Whoever came up with the idea of using Prokhorov as a stand-in for the opposition obviously had not expected him to take the job so seriously. Vladislav Surkov, an assistant to Putin who had over the years built a reputation as the Kremlin’s chief puppet master—effectively taking the place vacated by Berezovsky—began calling Prokhorov in for almost daily talks. Prokhorov, unaccustomed to reporting to anyone, nonetheless submitted to a ritual he found odd and distinctly humiliating: giving Surkov a complete accounting of his political activities. Surkov in turn made suggestions, on at least one occasion advising Prokhorov to drop someone from the party’s rolls. Prokhorov ignored the suggestions and pressed on with what he thought was right—until September 14, 2011, when he found himself locked out of his own party’s scheduled congress. Many of the activists Prokhorov had recruited over the previous three months were not allowed to take part in the congress either, and an entirely different group of people elected an entirely different leadership. Whoever had given Prokhorov the party had now decided to take it away.

Watching one of the richest and tallest men in Russia feeling utterly lost, confused, and betrayed was painful. Prokhorov called a press conference to announce that the lockout was illegal. He convened an alternative congress the following day and spoke there. He promised to see to it that Surkov would lose his job. He promised to fight. He promised to come back in ten days and lay out his detailed plans for a political battle.

Of course, Surkov—if it was indeed Surkov—was not the only one to have miscalculated badly. Prokhorov, living in the information bubble shaped by his experience in business, at a safe distance from the Kremlin, had overreached catastrophically. In the days after the congresses, he received enough messages about what would happen to him and his business to force him to give up on the idea of being a politician. Prokhorov never did come out with his battle plan; he all but disappeared from the public eye.

It seemed that whoever had chosen Prokhorov to oppose Putin had made a classic mistake of overconfidence—but had caught it in plenty of time.


ON SEPTEMBER 24, 2011, United Russia held its own party congress. Dmitry Medvedev addressed the throngs.

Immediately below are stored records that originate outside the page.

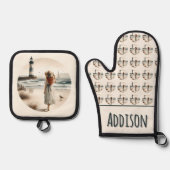 Seaside Lighthouse Stroll Ovenwant & Pannenlap Set (Voorkant)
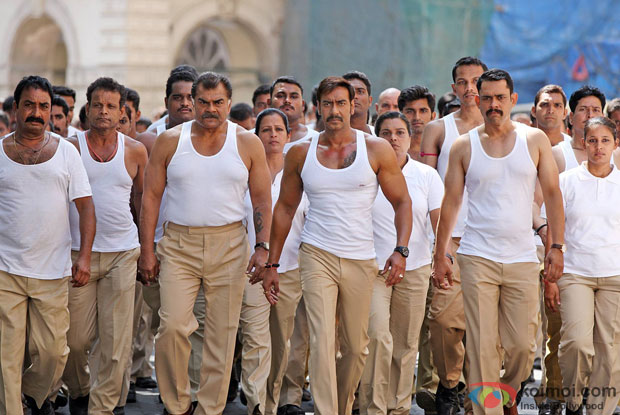 Ajay Devgn in a still from movie 'Singham Returns'
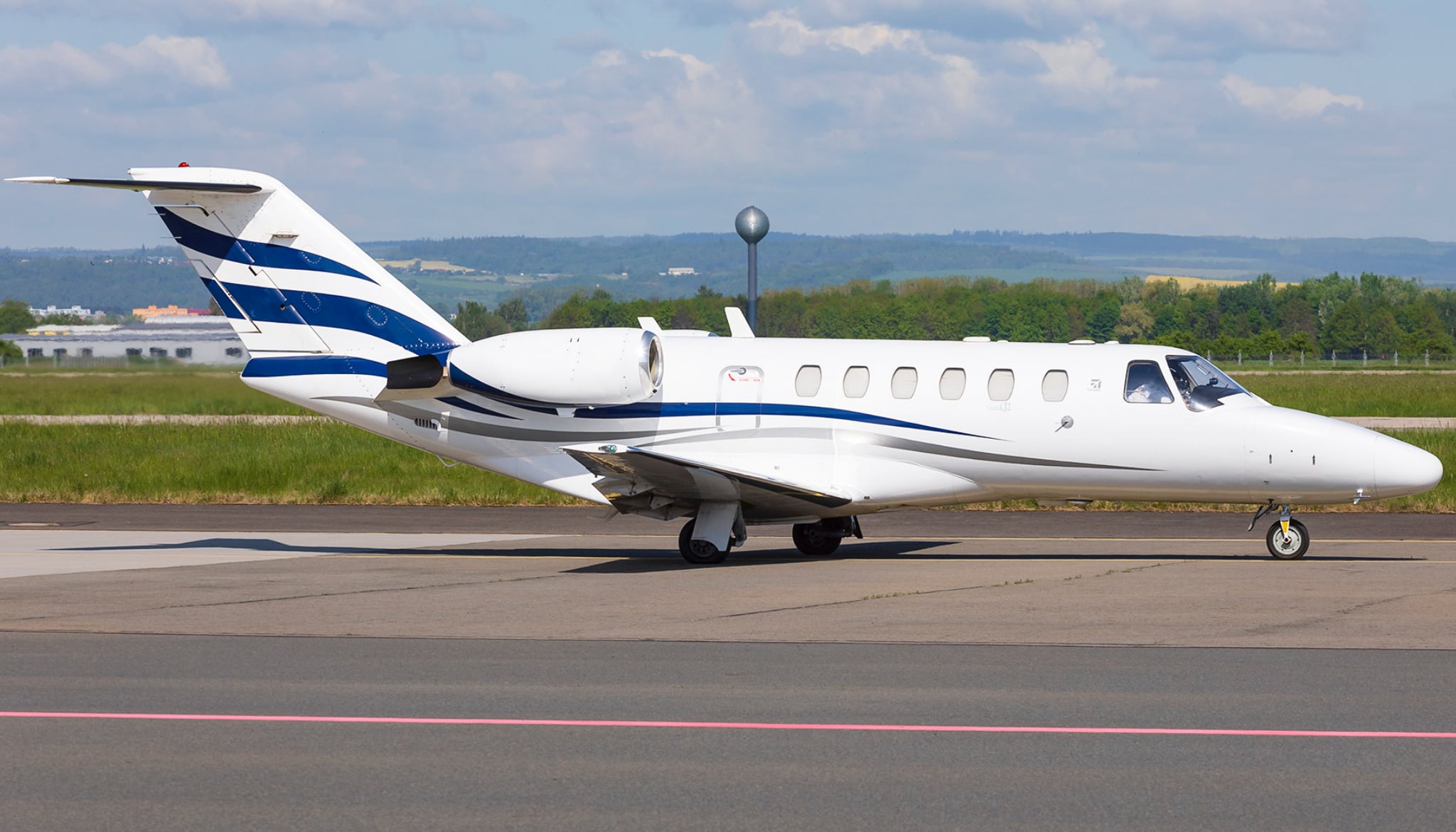 Cessna Citation CJ taxiing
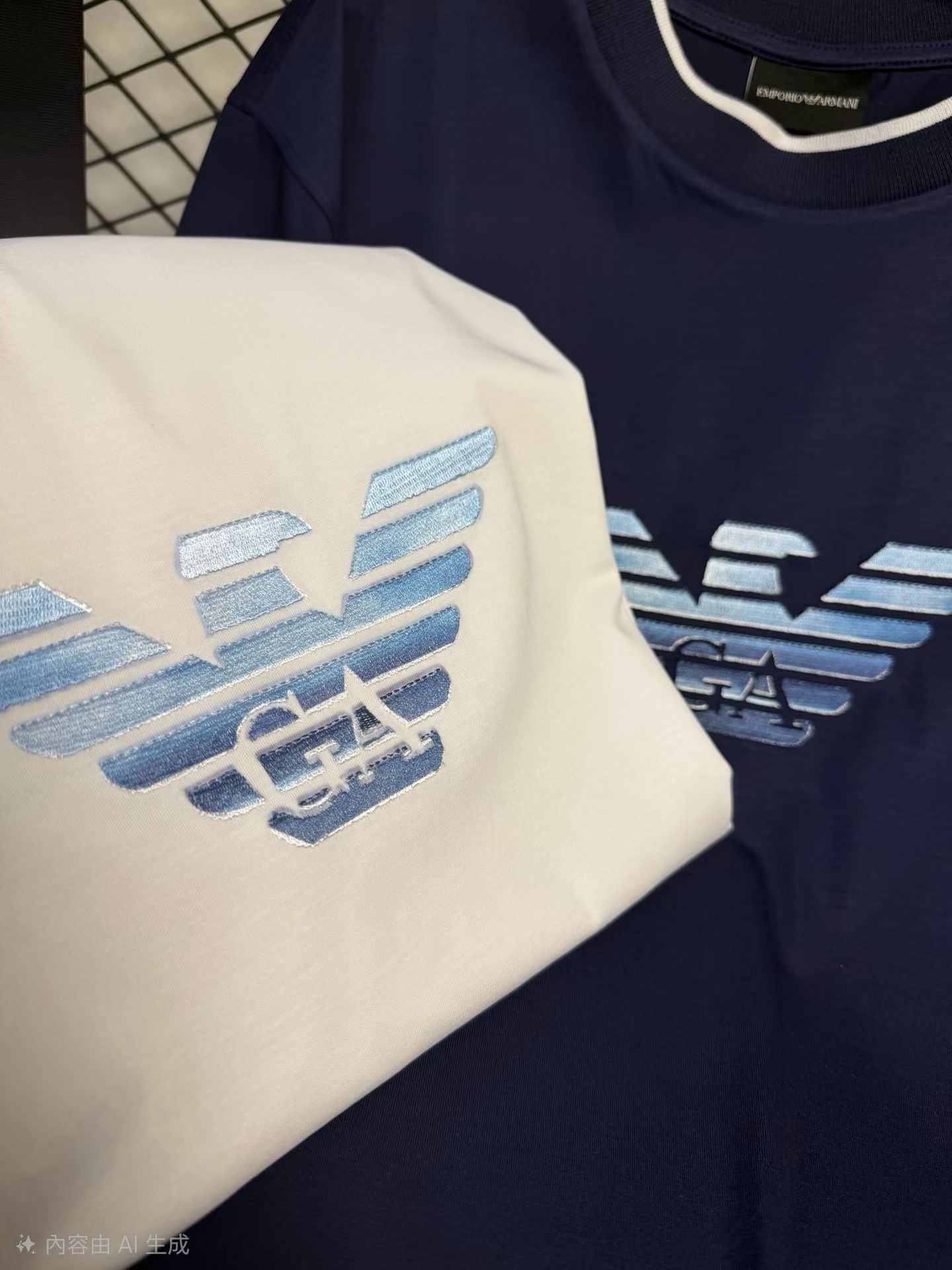 Armani 漸變飛鷹刺繡logo Tee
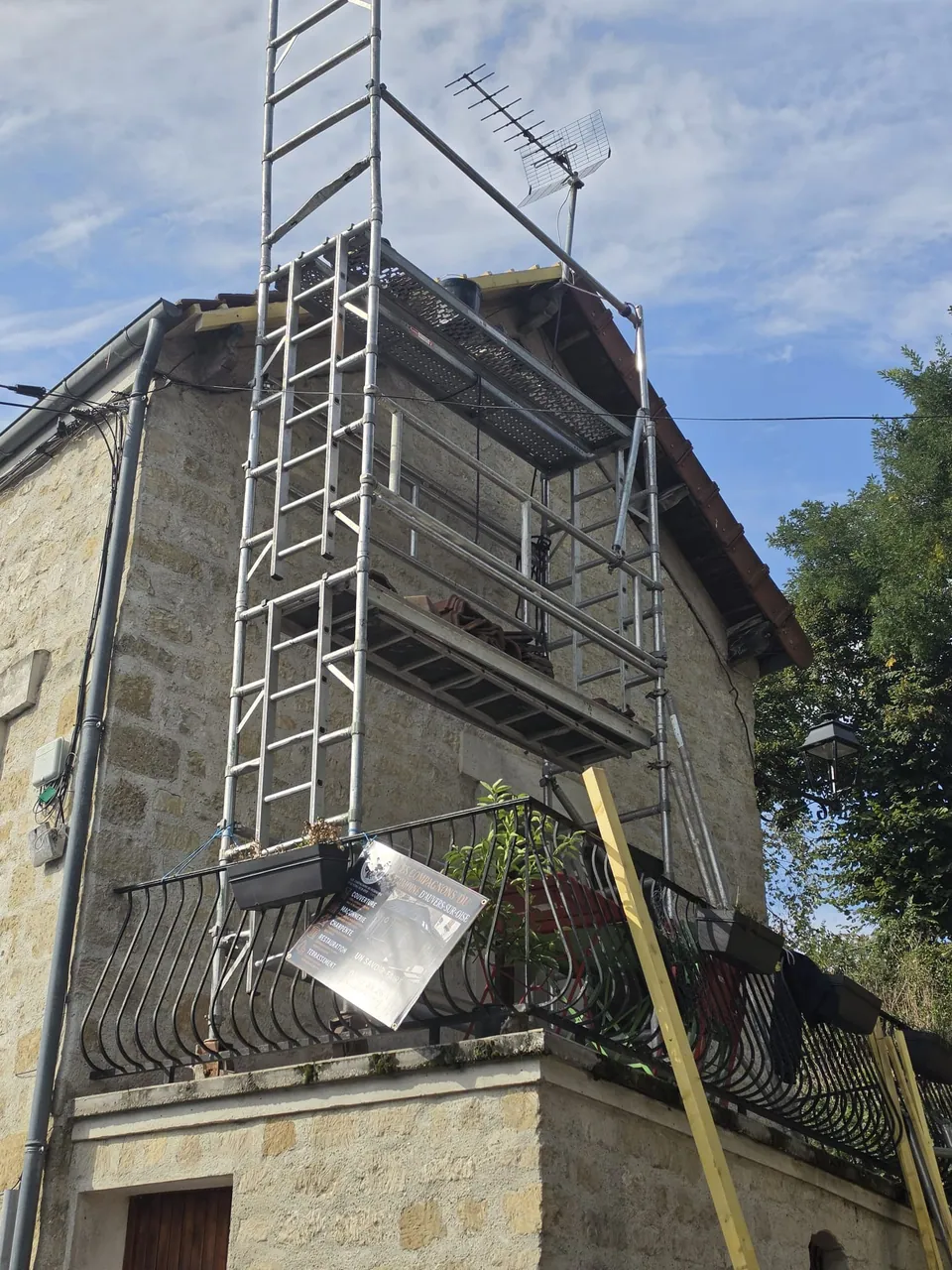 Au pied d’un pignon en pierre — [À COMPLÉTER : commune du chantier]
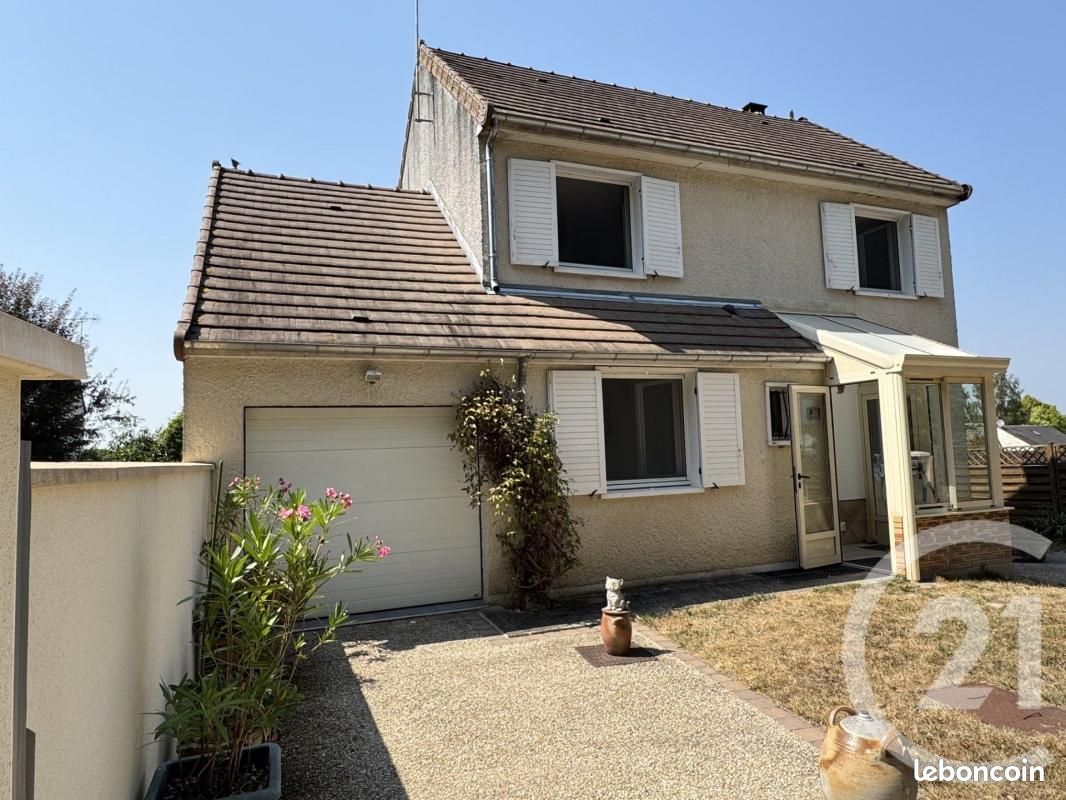 Maison 6 pièces 115 m² · à Saint-Amand-en-Puisaye · 115 m² · 143 000 €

“I believe it would be right to support the candidacy of Vladimir Vladimirovich Putin for president,” he declared. The hall erupted in a standing ovation. When it finally quieted, Medvedev unself-consciously told the crowd that he and Putin had made the arrangement back when Medvedev first became president. And now, when Putin returned to the post of president, Medvedev would be his prime minister.

Within hours, the Russian blogosphere filled with pictures of Putin doctored to look older and conspicuously like Leonid Brezhnev, the Soviet leader who died after eighteen years in office, virtually immobile and completely incoherent. Putin, the bloggers reminded one another, would be seventy-one by the time his second six-year term was over.

And with this, the transformation of Russia back into the USSR was, for all Putin’s intents and purposes, complete.